PostPosted: Wed May 25, 2005 11:22 am    Post subject: Re: Some thoughts re the MM benchmarks Reply with quote

Quote:
1) The benchmark system is based on a 40 % single-thread, 60 %
multi-thread weighting. This is quite reasonable (and see also point
4 below).

2) It's perfectly smart to take advantage of the IsMultiThread
variable. If you know you're running a single-threaded application,
you do not need to lock the memory.

as mentioned, it's fine for "benchmarks for benchmark reasons", but i
think the bench application should have the *option* to disallow it.
"Single threaded" speed IS important but to assume that because a
worker routine is single threaded that there are no other threads
created/active in the application is not real-world like and thus
misleading people.

Quote:
3) In the multi-threaded benchmarks we have *a lot* more contention
than you would find in any real-world situation.

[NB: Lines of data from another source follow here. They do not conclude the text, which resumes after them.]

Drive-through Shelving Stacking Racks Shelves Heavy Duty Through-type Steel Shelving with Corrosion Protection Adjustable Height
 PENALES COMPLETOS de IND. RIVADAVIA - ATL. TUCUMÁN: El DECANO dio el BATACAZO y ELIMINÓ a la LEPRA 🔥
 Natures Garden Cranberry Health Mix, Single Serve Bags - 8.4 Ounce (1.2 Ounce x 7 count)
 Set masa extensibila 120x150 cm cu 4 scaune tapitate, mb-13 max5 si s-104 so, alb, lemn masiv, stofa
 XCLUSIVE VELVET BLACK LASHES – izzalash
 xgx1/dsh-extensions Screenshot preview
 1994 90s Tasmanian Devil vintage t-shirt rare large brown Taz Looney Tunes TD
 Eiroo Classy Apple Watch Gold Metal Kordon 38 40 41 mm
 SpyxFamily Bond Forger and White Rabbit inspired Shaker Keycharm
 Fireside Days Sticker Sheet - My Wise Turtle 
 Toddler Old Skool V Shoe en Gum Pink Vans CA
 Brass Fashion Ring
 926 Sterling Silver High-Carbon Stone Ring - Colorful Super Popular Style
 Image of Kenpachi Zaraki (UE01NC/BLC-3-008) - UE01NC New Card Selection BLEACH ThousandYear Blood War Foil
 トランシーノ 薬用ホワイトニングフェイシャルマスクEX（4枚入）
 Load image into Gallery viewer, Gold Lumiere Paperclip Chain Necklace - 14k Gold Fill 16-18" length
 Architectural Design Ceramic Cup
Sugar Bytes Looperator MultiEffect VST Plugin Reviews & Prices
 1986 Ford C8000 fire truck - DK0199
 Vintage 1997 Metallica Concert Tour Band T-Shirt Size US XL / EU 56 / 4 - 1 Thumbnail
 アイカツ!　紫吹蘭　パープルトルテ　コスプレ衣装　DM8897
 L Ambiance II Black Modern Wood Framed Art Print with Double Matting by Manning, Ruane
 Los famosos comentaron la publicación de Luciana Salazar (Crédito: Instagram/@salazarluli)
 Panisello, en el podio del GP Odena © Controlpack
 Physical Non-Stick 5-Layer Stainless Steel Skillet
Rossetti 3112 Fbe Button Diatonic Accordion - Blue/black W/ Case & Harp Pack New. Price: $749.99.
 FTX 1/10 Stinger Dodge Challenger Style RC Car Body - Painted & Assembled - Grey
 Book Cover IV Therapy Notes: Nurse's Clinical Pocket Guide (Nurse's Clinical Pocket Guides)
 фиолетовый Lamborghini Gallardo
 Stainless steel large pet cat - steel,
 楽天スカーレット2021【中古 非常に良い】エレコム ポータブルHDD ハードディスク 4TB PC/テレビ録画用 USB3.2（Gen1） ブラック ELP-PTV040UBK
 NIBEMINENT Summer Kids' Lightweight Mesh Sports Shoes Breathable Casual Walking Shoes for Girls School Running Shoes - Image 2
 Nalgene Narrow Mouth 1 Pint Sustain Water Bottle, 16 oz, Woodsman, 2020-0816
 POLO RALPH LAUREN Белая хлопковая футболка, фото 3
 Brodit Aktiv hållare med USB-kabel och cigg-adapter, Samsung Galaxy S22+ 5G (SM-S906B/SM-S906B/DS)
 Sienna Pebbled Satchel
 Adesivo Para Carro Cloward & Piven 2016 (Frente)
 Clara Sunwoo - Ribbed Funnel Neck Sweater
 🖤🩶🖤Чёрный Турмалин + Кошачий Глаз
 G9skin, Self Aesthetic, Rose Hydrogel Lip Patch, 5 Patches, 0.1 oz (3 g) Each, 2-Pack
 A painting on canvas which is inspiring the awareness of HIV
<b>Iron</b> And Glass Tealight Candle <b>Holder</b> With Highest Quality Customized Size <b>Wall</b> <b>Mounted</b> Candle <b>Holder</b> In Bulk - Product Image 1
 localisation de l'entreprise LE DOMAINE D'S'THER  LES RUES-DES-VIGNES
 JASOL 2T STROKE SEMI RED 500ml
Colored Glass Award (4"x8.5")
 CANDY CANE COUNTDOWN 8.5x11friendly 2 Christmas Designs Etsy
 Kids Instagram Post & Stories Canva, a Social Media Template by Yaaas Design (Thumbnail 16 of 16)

i don't agree, sorry. try to run a highly threaded database server with
50+ concurrent users doing queries, batch updates, inserts, updates in
fully transactional environments on a quad cpu machine and you see what
i mean. but of course that's a very specific need. Also look at a
massive size clustered bitmap calculations etc, ...

Quote:
4) Currently the fastest MM in single-thread are also the fastest in
multi-thread.

with a good design that's logical isn't it?

Quote:
5) Of course you know where NexusMM stands in this, it's way behind
the current leaders, both in the single-threaded and the
multi-threaded benchmarks.

no i don't know where nexusdb WILL be standing with such changes. I've
not said i don't know where we ARE standing, of course i know.

Quote:
Take a loook at some of the results Dan Downs posted yesterday on a
bi-CPU machine. Speed-wise NexusMM is at 55.9% of the top performer,
memory-wise at 76.7%, combined at 67.5%. That's massive.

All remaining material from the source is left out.